Now when he was in Jerusalem at the Passover Feast, many believed in his name when they saw the signs that he was doing. But Jesus on his part did not entrust himself to them, because he knew all people and needed no one to bear witness about man, for he himself knew what was in man. John 2: 23-25

This passage implies that Jesus was looking for people to whom he could entrust himself but, on that occasion, did not find any. 

I’ve heard that while our Lord’s love is unconditional, we must “earn” His trust. How can we accomplish that? Through striving? Education? Studying scripture? Moral behavior? It’s not a matter of what we do. God will never trust a soul-dominated human, no matter how apparently good. That human may even have the moral standing of a Pharisee, even a respected teacher of Moses’ law like Nicodemus. The answer is always the same: “You must be born from above” (John 3:7). “You must…” It is a requirement.

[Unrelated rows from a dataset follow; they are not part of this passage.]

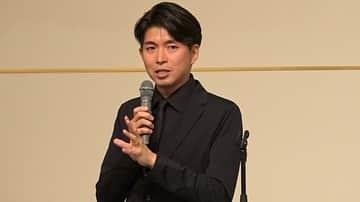 宮崎謙介のインスタグラム：「月に一度のペースで講演に呼んでいただき、全国を行脚しています。ご地元の経済状況などを伺い、肌で景気を実感します。また質疑応答などもあり、こちらが学ばせていただいています。  いつもありがたいですね。  テーマとしては堅いものから、柔らかいものまで幅広いです。  #講演会」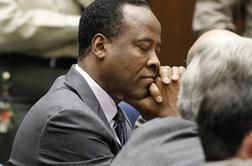 Conrad Murray v zaporu piše knjigo o pokojnem kralju popa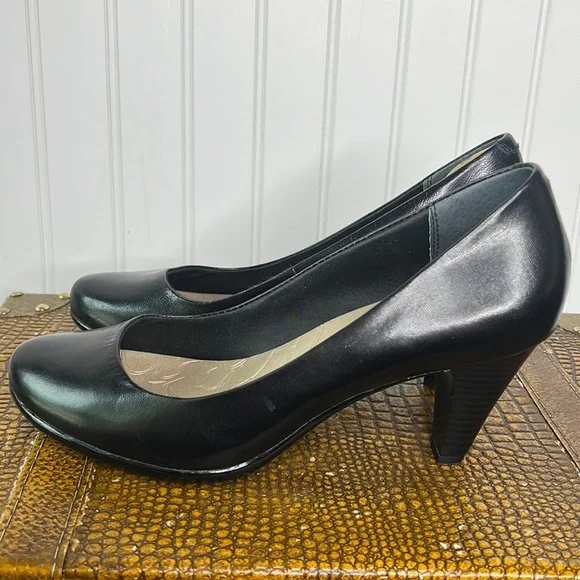 Giani Bernini Black Leather Pumps size 9 & 9.5 - Picture 4 of 11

We understand this new birth as our receiving an impartation of the life of Jesus Christ into our human spirit. Being born again is just the beginning of a mighty work of transformation, by which the life of Christ expands from the spirit to permeate the human soul: the mind, will and emotions. Christ Himself offers to do this work in us through the Holy Spirit. In the process we incrementally relinquish our self-centered claims in favor of Christ’s authority. The question then becomes, how much of Christ is there in us? How much of the soul’s territory has come under His banner, as opposed to what remains in the grip of the old nature? Only to that extent can He entrust Himself to us.

And how does He accomplish this transformation? The scripture uses metaphors for the process, including “the furnace of affliction” (Isaiah 48:10). T. Austin-Sparks describes it this way in chapter 2 of his book, The Essential Newness of the New Creation:

The furnace of affliction is for those who by faith are in Christ. What happens in the furnace of affliction? What is it that is dealt with in the fire? Is it you, and is it I, that are refined in the fire? Are you refined in the fire? Am I refined in the furnace of affliction? I say, No! emphatically NO!! If we say, “Yes!” well, let us look at the furnace of affliction, the fire with the metal in the crucible. What are you doing with that metal? Well, you say, you heat the fire intensely and all the uncleanness, the corruption, comes to the surface; this is skimmed off, and when that process has been carried through to its end, there is left pure gold! Then if you say that is you or that is me you will have to abandon your doctrine of total depravity, and you will have to come back to the place where you say there is good in us, after all! You will have to say there is good and bad in us, and the furnace of affliction is to get the badness out of us and leave the goodness! Is that true doctrine? No!

The furnace of affliction is not for the removal of the bad out of us so as to leave the good that is in us, and secure it! Then what is its purpose? Is it to refine Christ in us? We need not discuss that! Christ needs no refining! What is it for? It is to divide between what is us in fallen nature, and what is Christ, and to get rid of the one in order to give full place to the other! The furnace of affliction is the application of the Cross to the getting rid of you and me, in order to leave the whole place for Christ. It is the measure of Christ that God is after, not to cut in between the good and bad in us, but to cut in between what is Christ, and what is ourselves. That is what the Lord is doing. He is after increasing Christ, and in order to do that He has to displace self, the old creation. It is all the measure of Christ in this realm. The realm of God is not going to be refined self, reformed self, or any kind of patching up of self. It is going to be none of self, and all of Christ.

One of God’s intentions in creating humanity was to entrust to it the governance of the visible creation. Because of the fall He had to put that plan on hold. In Jesus Christ we now have an opportunity to undergo this mighty work of transformation, so that we can be people to whom He can entrust Himself.